The Kembara Mahkota Johor (English: Johor Royal Excursion, lit. 'Johor Crown Expedition'; Jawi script: كمبارا مهكوتا جوهر) is an annual royal motorcycle tour held by the state government of Johor, Malaysia under the direction of the Sultan of Johor, Sultan Ibrahim. The royal expedition is participated by a group of motorcyclists led by Sultan Ibrahim himself, travelling over hundreds of kilometers through all 10 districts of Johor. The Kembara Mahkota Johor is held to enable Sultan Ibrahim to meet with fellow Johoreans as well as to provide charity for the poor.

== History ==
The Kembara Mahkota Johor is a brainchild of Tunku Ibrahim Ismail, then the Crown Prince (Tunku Mahkota) of Johor, due to his desire to meet with fellow Johoreans and provide charity to the poor. According to him, during the feudal age, the king or the crown prince rode an elephant to travel all over the state for the same reason as the Kembara Mahkota Johor. The royal tour debuted on 2 July 2001, participated by a group of 28 motorcyclists led by the Tunku Mahkota himself and covered all 8 districts (now 10 districts) in Johor, with the total distance of 870 km.

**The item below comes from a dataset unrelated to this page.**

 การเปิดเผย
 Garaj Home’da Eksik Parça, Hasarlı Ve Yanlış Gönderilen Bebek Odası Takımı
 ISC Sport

During the tour, Tunku Ibrahim Ismail is famous for riding his trademark Harley-Davidson motorcycle with the "tiger stripe"-painted body. However, the 2002 edition of the tour was the only tour that he did not ride his Harley-Davidson motorcycle — instead, all participants rode the Modenas Jaguh motorcycle as Modenas became one of the main sponsor for the 2002 Kembara Mahkota Johor.

The 2008 edition of Kembara Mahkota Johor was held from 24 July to 27 July 2008, covering all 10 districts of Johor with the total distance of 910 km. The expedition started from Johor Bahru and ended at Kulaijaya.